Institutional building starts sank 22.7% in February, after falling 10.8% in January. On a year-to-date basis, starts were down 3.1%. Starts for schools and colleges cratered 49.5% in February, after jumping 34.6% in January. Despite the sharp decline in February, starts were 18.1% higher on a year-to-date basis than the same period in 2013. Hospitals and clinics starts also saw an increase in February, up 34.6%, after dropping 36.9% in January; they were up a modest 1.7% year-to-date.

Heavy engineering (non-building) starts edged up 0.2% in February after decreasing 19.9% in January. Year-to-date starts were 12.1% higher than over the same period in 2013. Starts for all the categories in the group were up on a year-to-date basis. Road and highway starts, the largest spending category in the group, were up 6.1% in February and 11.1% on a year-to-date basis. Another large category, water and sewer starts, was up 5.7% in February and 9.0% on a year-to-date basis.

“If there is a silver lining to the harsh winter, heavy engineering seems to be fairing surprisingly well and may even be benefiting from the impact of the cold weather on the nation’s infrastructure,” said Markstein. “Bursting water pipes force utilities to make immediate repairs and replacements, accelerating planned pipe upgrade projects –particularly in the south where polar vortex visits tested infrastructure.

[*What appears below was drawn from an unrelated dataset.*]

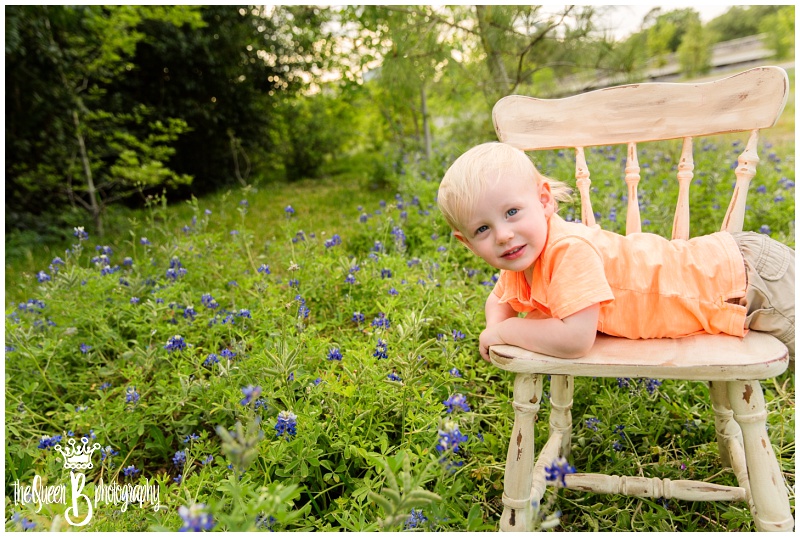 mischievous little boy in chair among texas bluebonnets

“Nonresidential building construction does not receive any such “benefit” from the bad weather and is clearly hurt by it. As a result, it is too early to determine the outlook for this sector of the construction industry based on the starts data until better weather prevails. Reed’s expectation is that delayed projects will move forward with improved weather, leading to large increases in starts at that point,” Markstein continued.